KUR’AN VE İLİM SEMİNERLERİ-1091/ADİL DÜZEN DERSLERİ-908 - 21 KASIM 2020
TEHLİKE BÜYÜK, ÇÖZÜM KOLAY
2000 yıllarına kadar yeryüzü tarım döneminden sanayi dönemine geçiyordu. Köylerde artan nüfus arazi darlığından dolayı iş bulamıyor, aş bulamıyor idi.
Sermaye faizli düzeniyle kentlerde fabrikalar kuruyor ve köylerdeki artık/artan emeğe iş üretiyordu. 20. yüzyıl köylerin kentlere taşındığı yüzyıldır.
Tarımda makineleşmeler gerçekleşiyor, mevcut olan üretim daha az emekle elde edilir hale geliyor, böylece insanlar köyleri terk ediyor, kentlere taşınıyorlardı.
Bugünkü durum ise farklıdır ve şöyledir:
Köylerde artık kentlere emek sağlayacak bir kaynak bulunmuyor.
Aksine makine tarımı yeterli olamıyor, yine insan emeği ile teksifi ziraata (sera tarımına) ihtiyaç duyuluyor.
Şimdilerde ise köyden kente değil, kentten köye taşınılıyor.
Bu durumda kentlerdeki fabrikalar işçi bulamadığı için durma noktasına geliyor, yeni fabrikalar ise hiç kurulamıyor.
Faizli işçilik düzeninde faize alan bulmak için yeni fabrikaların kurulması gerekiyor.
Kurulamayınca da faizli düzen sağlıklı çalışamıyor, yerine enflasyonlu bir düzen zorunlu hale geliyor.
Böyle bir ortamda önce dolar (döviz) artıyor, sonra da borçlar çoğalmaya başlıyor.

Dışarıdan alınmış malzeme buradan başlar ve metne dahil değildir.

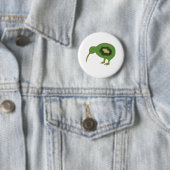 Kiwi nz Kiwifruit Button (Beispiel)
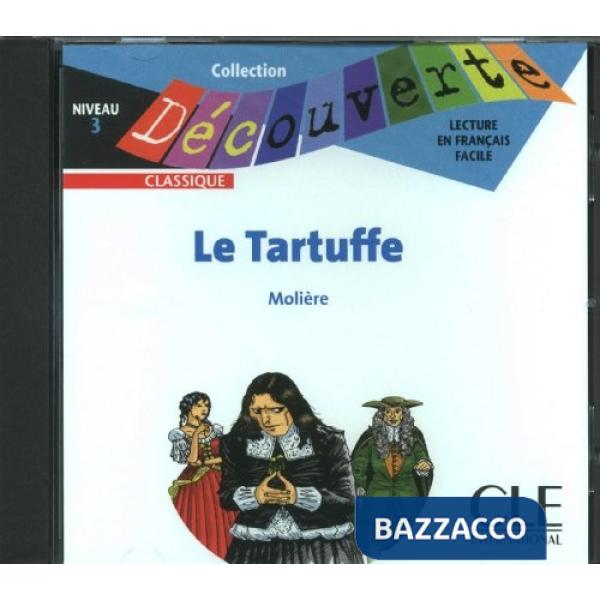 DECOUV CLASSIQUE 3 MOLIERE TARTUFE CD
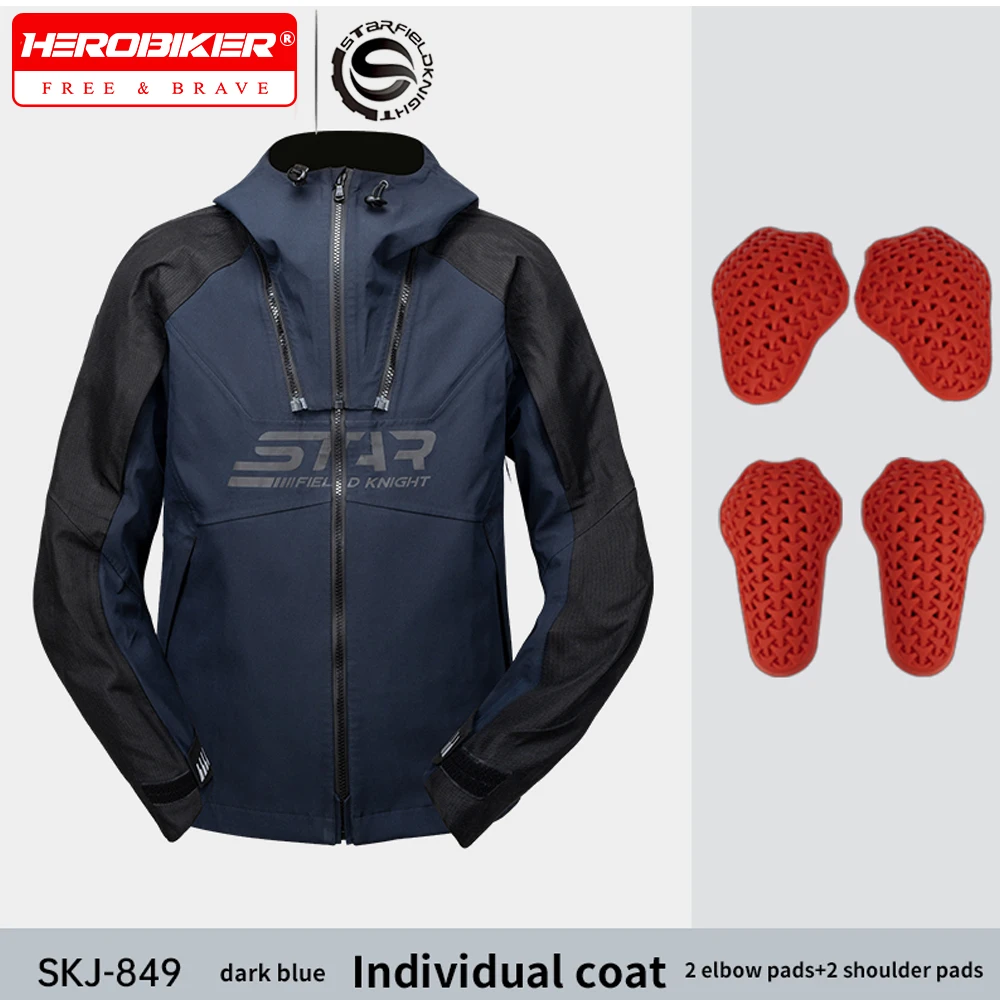 

Мотоциклетная куртка с защитой спины и налокотниками, унисекс, с капюшоном, мягкая, для езды на мотоцикле, для активного отдыха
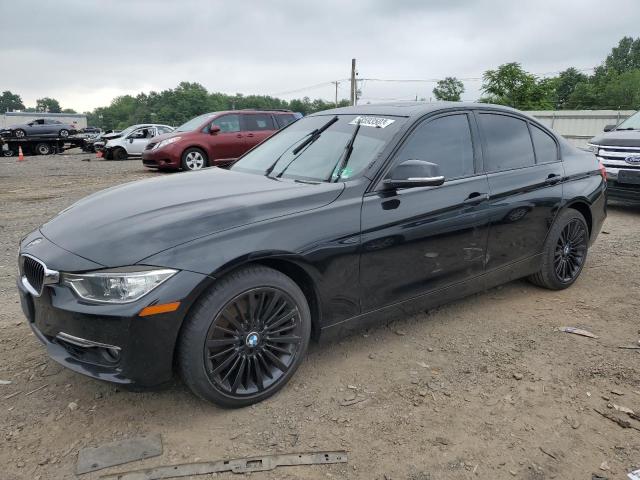 BMW 335 XI 2014 wba3b9c57ef801500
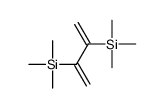 trimethyl-(3-trimethylsilylbuta-1,3-dien-2-yl)silane结构式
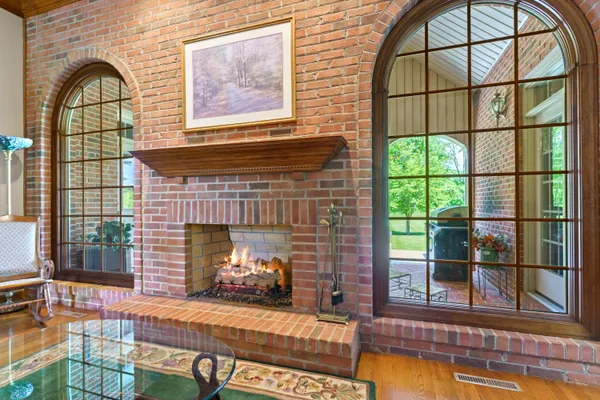 Modern interior design real estate photography Southwest Virginia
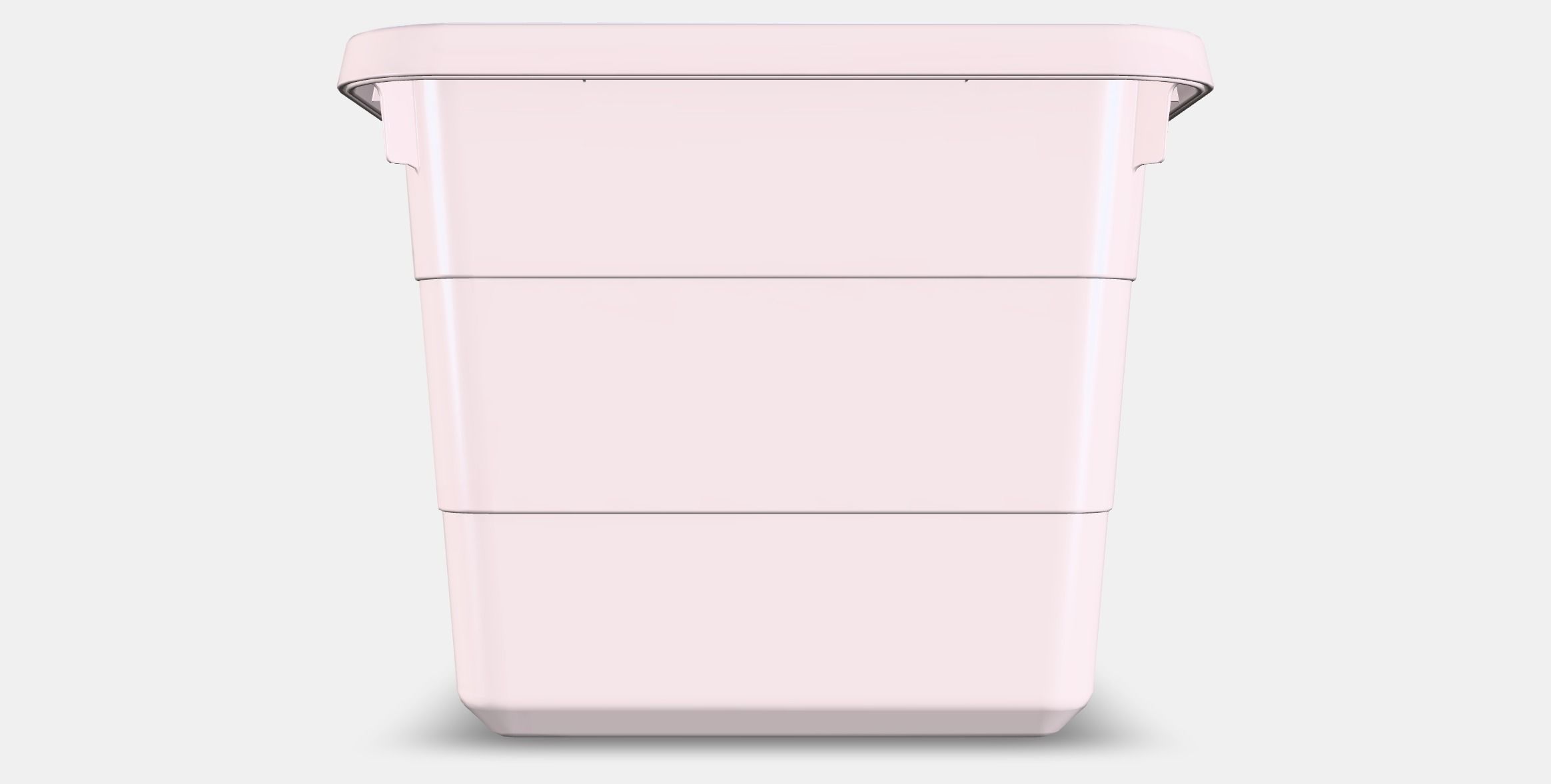 SOCKERBIT Box with lid 4 Low-poly 3D model_15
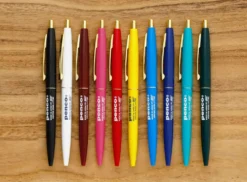 Hightide Penco Knock Ballpoint Pen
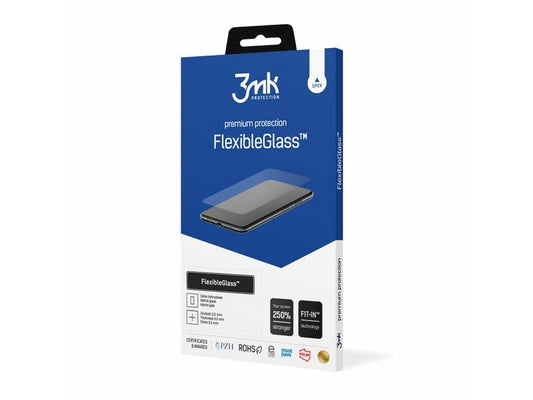 3MK FlexibleGlass iPhone 15 Hybrid Glass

Halk bankalara, bankalar da doların üretildiği merkez bankasına borçlanıyor. Gün geçtikçe halkın borcu artıyor, devletlerin borcu artıyor.
Başlangıçta borçlar borçla ödenerek ekonomi çarkı dönebilirken şimdilerde borçların borçla ödenmesi düzeni de çalışamaz durumda görünüyor.
Görülen ve anlaşılan odur ki insanlığı büyük bir ekonomik kriz bekliyor.
Nuh Peygamber zamanında fiziki bir tufan olmuş, dünya yeniden şekillenmiştir.
Bugün ise sosyal bir tufan olacak, dünya yeniden şekillenecektir.
Nuh Peygamber kurtuluşu gemilerin inşasına bağlamıştır. Çok az kimse onu dinleyip gemiye binmiştir ve binenler kurtulmuştur. Diğerleri ise tufan dalgaları arasında boğulup gitmişlerdir.
Bizler bugün sosyal tufana karşı koyabilmek için 100 lojmanlı işyeri apartmanlarını ve semt kooperatiflerini Kur’an’dan öğrendiklerimizle öneriyoruz.
Bunun için Türkiye’de yapılacak iki şey görüyoruz:
Birincisi; altın bonosunu çıkarmak suretiyle faizli doların hükümranlığına son vermekten geçiyor. Bunu çıkarmak tehlikeli görünüyor. AK Parti bunun için buna yanaşmıyor. Sermaye’nin hışmından korkuyor. Biz ise ona; “Allah’tan kork, Sermaye’den korkma” diyoruz.
İkincisi ise Anadolu’nun topraklarını onu imar edecek girişimcilere sunmaktan geçiyor.
-Devlet araziyi koyuyor ve beşte birine ortak oluyor.
-Yerel yönetimler alt yapıyı getiriyor ve beşte birine ortak oluyor.
-Çalışanlar emeklerini koyuyor ve beşte birine ortak oluyorlar.
-Malzeme temin edenler de beşte birini alıyorlar.
-Müteahhitlerin ve kooperatiflerin payları da beşte bir oluyor.
Kimse para karşılığı ortak olmuyor, yapıların payları ile katılıyor ve o yapılarda elde edilen üründen kira paylarını alıyorlar.
Bu çok basit olan düzeni hangi topluluk, hangi devlet önce kurarsa, geleceğin önderi o ülke, o yönetim veya o sermaye olacaktır.